What it comes down to for me is this: I would rather do the wrong thing for the right reason than the right thing for the wrong reason.  In the former case, I maintain my integrity and eventually gain indelible knowledge.  In the latter case, I learn nothing and lose my self-respect in the process.  I need my mistakes, but only the ones that I freely choose while striving to follow God.  


I now see clearly that if I had never questioned my support of Proposition 8, it would have been the wrong kind of mistake, because even if, in the end, it turns out that it was the right thing to do, I had done it for the wrong reasons.  If I had silenced my doubts, I wouldn’t have learned anything about myself and my ability to navigate life’s murky questions.  In rejecting the get-out-of-jail-free card of following the prophet, I took ownership of my own choices and finally accepted the joint package of risks and blessings that came when I realized I could actually be wrong.  


In deciding for myself whether to come out in support of same-sex marriage, I had to confront the possibility that no matter what I chose, I could be wrong.  If I ended up supporting same-sex marriage, but was wrong, I imagined my conversation at the judgment bar with God.  I would have to explain why I was too empathetic, too willing to see things from the gay’s point-of-view.  That I wasn’t faithful enough because I wanted to see evidence that my family (or any family) would be harmed before depriving other families of the emotional stability of a legally committed relationship.  I think I’m ready to have that conversation.  The conversation I am not ready to have, however, is the one where I decide to oppose same-sex marriage and then find out I was wrong.  I can’t imagine explaining to God why I thought I was justified in causing deep hurt and suffering to thousands of people, on the fear-based speculation that marital stability is a zero-sum game, and that increasing the stability of same-sex relationships will somehow undermine the stability of heterosexual ones.  That my “maybe someday hurt” is of greater concern than another’s “actual today hurt.”  I just can’t face the possibility that I would have to look at Christ and tell him that I thought he would understand why I felt that following the golden rule wasn’t as important as following the leader.  So I made a choice: I came out to my friends and family as an LGBT ally who supports same-sex marriage.

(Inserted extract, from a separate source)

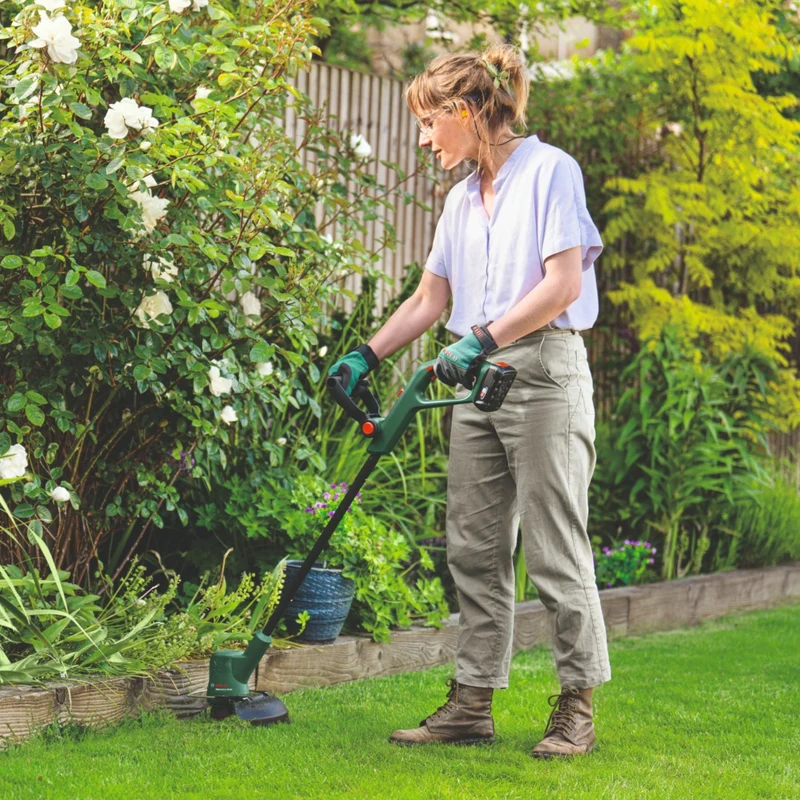 Bosch EasyGrassCut 18V-26 Akku Rasentrimmer 18 V 26 cm Solo ( 06008C1C04 ) - ohne Akku, ohne Ladegerät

I contend that no matter whether I am right or wrong, I was fulfilling the measure of my creation in the very act of making a difficult choice in the face of two negative possibilities.  I think this is the very furnace where moral fiber is formed.  And as long as I can keep my heart honest and open to conflicting information from both physical and spiritual sources, I think I will be learning what I came here to learn, even when I make mistakes.

Other Ways We Outsource


At some point I realized that my morality wasn’t the only thing I had been outsourcing to the Church.  I had also come to rely almost entirely on the Church for my acts of charity, and as a consequence I wasn’t becoming a very charitable person.  This is a topic worthy of a separate post, so I won’t go into detail here other than to point out that I found myself deducting tithing electronically from my paycheck at the same time as I was averting my glance from beggars on the street.  This isn’t to say that the Church is always the problem.  In fact, the Church provides unique opportunities for meaningful charity and service.  The problem is when we stop taking ownership of our own need to develop spiritual traits.  The Church is a tool on our spiritual journey, not the destination.


Other things I had been outsourcing to the Church included my understanding of what it means to share the gospel, my views about other religions, my adherence to gender roles, and my idea of what constitutes a valid source of spirituality.  I have experienced enormous benefits and personal growth as I have re-examined each of these topics while thinking outside of the “approved” Mormon way.  


For the first time, I had a meaningful conversation with my post-Mormon sister about her spiritual journey and convictions, and it was because she knew I was finally not judging her.  And for the first time, I had a conversation about the Church with a co-worker who really opened up about his own religious experience, and it was because I had been willing to share honestly with him the good and bad of my own religious experiences.  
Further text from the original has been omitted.